The 1913 Armory Show
The Armory Show took place from February 17 to March 15, 1913 at the 69th Regiment Armory on Lexington Avenue and 25th Street, and in just less than a month it changed the way Americans thought about modern art. It has been called the most important exhibition ever held in the United States.
The International Exhibition of Modern Art took place in the 69th Regiment Armory on Lexington Avenue between 25th and 26th Streets. Its enormous drill hall provided over 30,000 square feet of display space for the estimated 1,400 works on view. The hall was divided into eighteen octagonal galleries with burlap covered panels. The space was decorated with greenery, pine trees, flags and bunting, and yellow streamers that formed a tent-like cap to the exhibition space.

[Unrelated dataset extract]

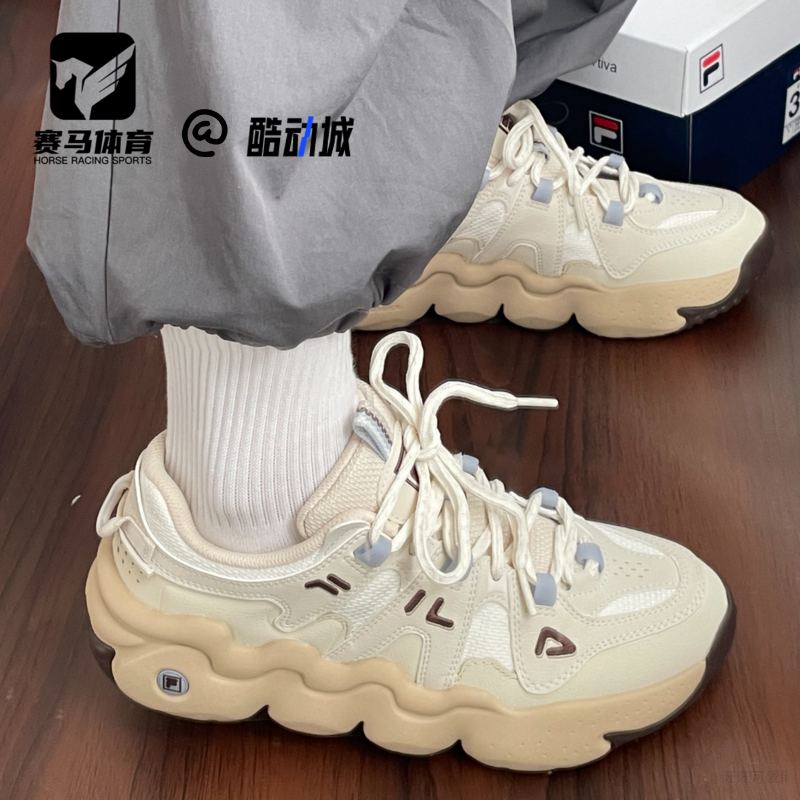 斐乐帕尼尼女子厚底老爹鞋跑步鞋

The Armory Show was a stunning exhibition of nearly 1,400 objects that included both American and European works, but it is best known for introducing the American public to the new in art: European avant-garde paintings and sculpture. One hundred years later it is hard to imagine what it would have been like to see works by Pablo Picasso, Henri Matisse, Marcel Duchamp, Paul Gauguin, Paul Cézanne, and Vincent Van Gogh, all together for the very first time. The exhibition created a huge sensation in New York. It traveled to Chicago and Boston, and was even more controversial in Chicago, where students burned paintings by Matisse in effigy. The exhibition’s travel turned it into a national event, and the polemical responses to the show have come to represent a turning point in the history of American art.